4 Conclusions and Future Works

To address the lack of support for the cloud dynamism in the existing SLA definition languages we have introduced a new approach for the specification of dynamic SLAs for clouds. This dynamism is achieved through the specifications, in the SLA itself, of the conditions and of the modifications that will be applied to the SLA once the related conditions are met. We have introduced syntax and semantics of an extension of the SLAC language and described its implementation and possible usage. We have provided evidence of the advantages of our approach in comparison to static SLAs and the use of renegotiation.

Since our approach is devised also for business, it may be used to back-up legal disputes. In fact, in designing dSLAC, we took the legal aspects of contract formation into account. Our approach is compliant with the norms defined in [12], where the authors discuss the provision of services from the legal standpoint using the European Union directives for E-Commerce as reference. Thus, dynamic SLAs, i.e. SLAs with pre-defined changes based on events and conditions, can be used in legally binding contracts.

We conclude by discussing the impact of dynamic SLAs in the cloud domain and the related challenges that we plan to address as future work. Indeed, this approach impacts in areas related to the creation and management of services and poses new important challenges in the field while looking at them from different perspectives.

The negotiation process needs considerable changes to support this feature. The first challenge is the matching of offers and requests of services since the possible changes must be considered. This matching mechanism needs to verify whether the requirements of the parties comply with all possible states of the SLA, taking into account the conditions for such changes. Depending on the changes defined on the SLA, a large number of states need to be analysed, which is a computation intensive process, and new techniques are needed to address possible problems, such as explosion of states. Moreover, crisp solutions that simply verify whether there exist a single state that is not compatible with the specification of the parties may imply low matching rates, whilst an algorithm considering the probability of reaching a non-desired state could improve this rate.
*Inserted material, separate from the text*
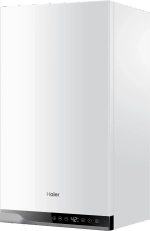 Газовый настенный одноконтурный котел Haier TechLine 1.14 TI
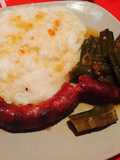 Pap and wors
Considering the complexity of this process, the negotiation can hardly be performed by humans and new algorithms, for example, based on model checking, that take into account the priorities of the involved parties should be develop to define SLA proposals and to assess their benefits.

The scheduling, service admission and resource reservation areas also need to consider the possible changes in the services. As the modifications in the agreement do not need the authorisation from the provider, the consumer can request changes in unexpected times and the provider must cope with them. Although most of the existing methodologies already employ statistical methods to predict the load of the system, the agreement with pre-defined changes is valuable source of knowledge as it contains the explicit definitions of the changes which are more likely to happen or that are expected by the parties. Moreover, the methodologies can also use the conditions pre-defined in the SLAs to adjust the load of the system. This process is complex and requires multi-objective solutions to find the optimal (or a better) scenarios for such cases since the possibilities in large scale are numerous. For example, even if a consumer requests a large number of new VMs, the provider can avoid violations of SLAs by removing VMs from other consumers, by e.g., providing a discount to them.

Service and infrastructure Monitoring are essential for the decision-making and SLA management. With dynamic SLAs, this process needs to adapt the knowledge generation methods to use the collected data before and after the changes. Finally, management systems must track the changes in the SLA for billing purposes and for legal reasons (e.g., in case of disputes).